# WORK INSTRUCTIONS
Extract the first line through the line containing "Plus Size New" from the listing below, exactly as written.

# INPUT DATA
──────

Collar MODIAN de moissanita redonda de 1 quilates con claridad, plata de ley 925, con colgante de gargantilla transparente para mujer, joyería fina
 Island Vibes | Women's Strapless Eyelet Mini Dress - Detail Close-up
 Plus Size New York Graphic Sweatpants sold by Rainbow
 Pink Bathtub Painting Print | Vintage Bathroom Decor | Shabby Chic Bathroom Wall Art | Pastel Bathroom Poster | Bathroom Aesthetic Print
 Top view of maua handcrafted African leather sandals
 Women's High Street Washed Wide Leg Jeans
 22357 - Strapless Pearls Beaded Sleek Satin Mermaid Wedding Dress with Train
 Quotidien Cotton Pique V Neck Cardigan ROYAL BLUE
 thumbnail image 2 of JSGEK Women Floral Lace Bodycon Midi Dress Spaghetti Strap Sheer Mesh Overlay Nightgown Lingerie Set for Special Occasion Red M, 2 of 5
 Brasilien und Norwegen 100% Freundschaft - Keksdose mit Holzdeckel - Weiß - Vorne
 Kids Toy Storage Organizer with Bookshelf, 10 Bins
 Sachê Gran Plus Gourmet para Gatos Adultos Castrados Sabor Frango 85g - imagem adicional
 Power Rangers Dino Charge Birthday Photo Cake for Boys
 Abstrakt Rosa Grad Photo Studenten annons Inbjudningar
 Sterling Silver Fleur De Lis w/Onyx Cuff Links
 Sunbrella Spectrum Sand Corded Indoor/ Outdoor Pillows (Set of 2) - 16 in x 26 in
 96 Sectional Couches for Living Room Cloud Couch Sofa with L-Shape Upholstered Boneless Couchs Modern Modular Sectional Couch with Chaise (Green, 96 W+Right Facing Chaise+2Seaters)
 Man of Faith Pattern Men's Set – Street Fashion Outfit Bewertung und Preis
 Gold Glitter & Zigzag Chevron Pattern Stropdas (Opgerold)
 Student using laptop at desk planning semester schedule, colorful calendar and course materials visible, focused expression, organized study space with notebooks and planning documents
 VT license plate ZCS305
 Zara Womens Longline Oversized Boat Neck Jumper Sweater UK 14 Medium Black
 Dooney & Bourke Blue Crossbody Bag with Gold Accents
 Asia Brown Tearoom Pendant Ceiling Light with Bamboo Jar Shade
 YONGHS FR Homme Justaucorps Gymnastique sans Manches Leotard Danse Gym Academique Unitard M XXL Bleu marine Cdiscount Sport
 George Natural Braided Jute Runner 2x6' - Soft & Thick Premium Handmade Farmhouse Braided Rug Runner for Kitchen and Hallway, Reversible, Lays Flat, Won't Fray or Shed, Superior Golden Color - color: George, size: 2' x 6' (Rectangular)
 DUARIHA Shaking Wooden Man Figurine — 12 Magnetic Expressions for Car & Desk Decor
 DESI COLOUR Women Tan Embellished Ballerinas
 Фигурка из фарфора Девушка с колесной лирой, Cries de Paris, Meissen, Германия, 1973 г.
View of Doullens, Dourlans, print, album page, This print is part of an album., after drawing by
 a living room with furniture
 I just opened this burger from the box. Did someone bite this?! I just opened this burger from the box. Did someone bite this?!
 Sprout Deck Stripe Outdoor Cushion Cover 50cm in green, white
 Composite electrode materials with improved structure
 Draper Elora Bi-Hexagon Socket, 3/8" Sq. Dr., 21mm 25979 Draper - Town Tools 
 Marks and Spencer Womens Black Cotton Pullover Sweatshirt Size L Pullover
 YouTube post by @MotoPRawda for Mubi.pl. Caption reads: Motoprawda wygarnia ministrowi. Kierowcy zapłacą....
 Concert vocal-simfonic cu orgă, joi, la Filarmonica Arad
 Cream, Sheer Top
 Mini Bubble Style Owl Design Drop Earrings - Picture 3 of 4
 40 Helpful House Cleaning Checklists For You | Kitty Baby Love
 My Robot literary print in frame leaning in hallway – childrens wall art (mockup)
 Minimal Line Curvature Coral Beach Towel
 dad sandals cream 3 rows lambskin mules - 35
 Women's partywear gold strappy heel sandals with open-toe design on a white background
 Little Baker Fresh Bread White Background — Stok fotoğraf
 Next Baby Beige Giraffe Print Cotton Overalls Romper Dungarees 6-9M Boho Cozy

──────

# SOLVED EXERCISE
Collar MODIAN de moissanita redonda de 1 quilates con claridad, plata de ley 925, con colgante de gargantilla transparente para mujer, joyería fina
 Island Vibes | Women's Strapless Eyelet Mini Dress - Detail Close-up
 Plus Size New York Graphic Sweatpants sold by Rainbow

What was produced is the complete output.